# holt
> A carefully crafted **adaptive radix tree** for path-shaped metadata.
`holt` is an embedded Rust library for storing **hierarchical
keys** — file paths, S3 object names, multi-tenant namespaces,
time-bucketed identifiers — with sub-microsecond lookups, per-blob
concurrency, and crash-safe persistence.
It targets workloads where:
- Keys are **hierarchical / path-shaped** (so prefix compression pays).
- The dominant access is **point lookup + prefix range scan**.

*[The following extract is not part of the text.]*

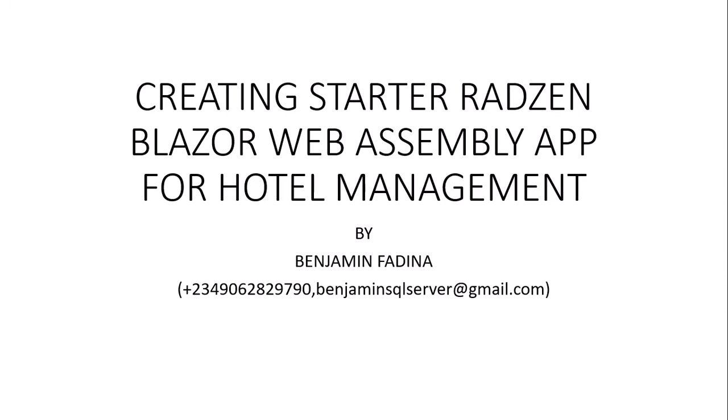In this lesson, we shall be creating a starter Blazor Web Assembly app for hotel management software. In our first lesson, we created the starting database. Now we are going to use the starting database to generate the starter Web Assembly app for our project.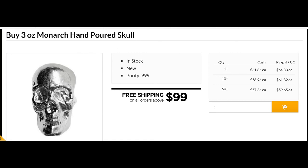One of which is this 3-ounce Monarch hand-poured skull. There are a variety of different items. I would encourage you to explore all of those and make your best choice in terms of the exact item or precious metal you want to invest in.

- Concurrency is **high** (many readers + writers across disjoint
subtrees).
- Latency is **micro-critical** — no LSM compaction stalls, no
single-writer locks.
It is **not** a general-purpose KV store; if you need full-text or
vector similarity, reach for the right tool. For this shape, holt
should beat LMDB / RocksDB / SQLite on its target workload.
## When to reach for holt
| LMDB | B+tree | mmap | Single-writer MVCC | Battle-tested; page chasing for short hot keys. |
| RocksDB | LSM | SST + WAL | MVCC | Compaction stalls; large hot dataset is RAM-heavy. |
| SQLite | B-tree | File | Single writer | Convenient, but writer is the bottleneck under load. |
| Sled | Hybrid LSM | Log-structured | Lock-free | Rust-native, largely unmaintained. |
| **holt** | **Adaptive Radix Tree** | **512 KB blobs** | **Per-blob 3-mode latch** | **Path compression + lookup is O(key.len)** |
ART's lookup cost is `O(key.len)`, not `O(log N)`. For short hot keys
(< 64 bytes), that beats any tree-based competitor. The per-blob
HybridLatch lets N readers traverse disjoint subtrees in parallel
without coordinating.
## Project status
**v0.1 in active development.** The algorithm core (insert / lookup /
erase / rename / range / txn / compact + multi-blob crossings),
persistent backend, physiological WAL with batched transactions,
and the stateful `Tree::range` iterator (prefix anchoring +
`start_after` + S3 delimiter) are all landed. 202 tests (unit +
property-based + crash-and-replay) pass on Ubuntu + macOS CI.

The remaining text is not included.